Trois questions principales se posent sur la Phipil

Premièrement, le petit nombre de colis prévus pour ces expériences est-il représentatif de l’ensemble des déchets ? Certainement pas car un seul type de déchets MA-VL serait étudié et que, pour les déchets HA, ce ne sont que quelques déchets de faible activité (HA0) et de faible énergie thermique qui seraient testés. La Phipil du dossier de la DAC est loin d’être le « prototype » qui eut été nécessaire et les enseignements qu’elle pourrait apporter seraient très limités.

Deuxièmement, pour ce qui concerne les déchets HA, « les vrais », il n’est prévu de las charger qu’à l’horizon 2080, avec une installation nucléaire de surface EP2 qui n’est qu’évoquée dans les différentes Pièces de la DAC. Ce qui confirme le sentiment que l’autorisation de mise en service à l’issue de la DAC ne portera guère que sur la Phipil et en aucune façon sur l’ensemble du projet.

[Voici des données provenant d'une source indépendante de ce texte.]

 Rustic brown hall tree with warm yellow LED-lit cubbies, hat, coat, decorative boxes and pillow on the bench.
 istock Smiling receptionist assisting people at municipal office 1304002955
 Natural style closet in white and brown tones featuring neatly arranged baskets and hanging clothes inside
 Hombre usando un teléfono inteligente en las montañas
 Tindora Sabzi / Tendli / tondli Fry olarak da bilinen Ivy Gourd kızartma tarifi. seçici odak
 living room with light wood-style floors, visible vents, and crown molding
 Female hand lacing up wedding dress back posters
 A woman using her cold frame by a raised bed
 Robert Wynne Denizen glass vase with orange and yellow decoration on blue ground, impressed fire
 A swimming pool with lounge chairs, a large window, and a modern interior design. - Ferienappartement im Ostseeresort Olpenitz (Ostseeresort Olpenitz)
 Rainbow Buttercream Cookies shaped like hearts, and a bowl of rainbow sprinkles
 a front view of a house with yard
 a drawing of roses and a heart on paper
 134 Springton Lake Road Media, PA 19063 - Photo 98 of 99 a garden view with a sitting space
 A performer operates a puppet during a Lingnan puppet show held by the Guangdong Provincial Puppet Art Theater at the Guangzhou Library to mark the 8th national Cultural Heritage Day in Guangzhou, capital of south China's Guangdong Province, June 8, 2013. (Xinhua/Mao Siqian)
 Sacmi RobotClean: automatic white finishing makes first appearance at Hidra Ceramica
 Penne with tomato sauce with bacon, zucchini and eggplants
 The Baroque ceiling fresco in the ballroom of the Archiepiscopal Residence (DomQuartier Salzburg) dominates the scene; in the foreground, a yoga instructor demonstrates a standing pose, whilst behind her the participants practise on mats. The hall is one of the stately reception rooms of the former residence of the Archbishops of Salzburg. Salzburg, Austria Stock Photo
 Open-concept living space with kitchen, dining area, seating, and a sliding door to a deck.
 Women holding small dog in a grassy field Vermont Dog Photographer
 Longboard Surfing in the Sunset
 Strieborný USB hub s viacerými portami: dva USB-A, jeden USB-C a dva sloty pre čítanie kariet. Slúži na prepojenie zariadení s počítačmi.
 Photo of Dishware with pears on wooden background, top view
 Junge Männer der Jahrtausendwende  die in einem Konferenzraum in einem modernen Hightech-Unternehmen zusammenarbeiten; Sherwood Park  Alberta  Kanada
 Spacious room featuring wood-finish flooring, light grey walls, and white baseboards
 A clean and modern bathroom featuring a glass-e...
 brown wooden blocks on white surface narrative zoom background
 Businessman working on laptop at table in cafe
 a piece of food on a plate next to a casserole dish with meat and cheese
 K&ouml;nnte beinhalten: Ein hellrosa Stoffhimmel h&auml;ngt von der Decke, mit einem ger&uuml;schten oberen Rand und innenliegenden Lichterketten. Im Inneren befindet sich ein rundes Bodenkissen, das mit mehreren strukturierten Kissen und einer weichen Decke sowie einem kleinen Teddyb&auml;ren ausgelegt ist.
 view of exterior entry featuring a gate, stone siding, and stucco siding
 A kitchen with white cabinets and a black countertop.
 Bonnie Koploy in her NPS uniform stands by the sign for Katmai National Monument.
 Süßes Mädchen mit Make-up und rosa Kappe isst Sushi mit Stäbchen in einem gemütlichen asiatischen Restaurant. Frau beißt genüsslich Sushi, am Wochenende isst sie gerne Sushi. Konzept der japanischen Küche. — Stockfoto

Troisièmement, et cela constitue un choix fondamental, l’ANDRA demande que, à la fin de la Phipil dont la date serait décidée par elle-même, les déchets HA soient récupérés en surface mais, par contre, les déchets MA-VL seraient maintenus au fond en tant que début du stockage.
En outre, l’ANDRA demande que la construction des installations souterraines et le chargement des colis MA-VL soient poursuivis sans attendre la décision du Parlement de poursuivre ou non le déroulement du projet, à la suite de l’instruction des enseignements de la Phipil.
Cette décision pourrait en effet conduire soit à l’arrêt du projet, soit à l’acceptation du projet sans modifications, soit à sa poursuite moyennant des modifications de conception ou de réalisation à la suite de l’instruction par l’Autorité de sûreté (ASN) et de la remise de son rapport au Parlement.

Ce troisième point est crucial : la logique industrielle comme la sûreté des installations et la protection des travailleurs et des populations imposent au contraire que la construction et l’exploitation du site soient interrompues à la fin de la Phipil et jusqu’à la décision du Parlement.

Cette question doit être impérativement tranchée pendant l’instruction de la DAC.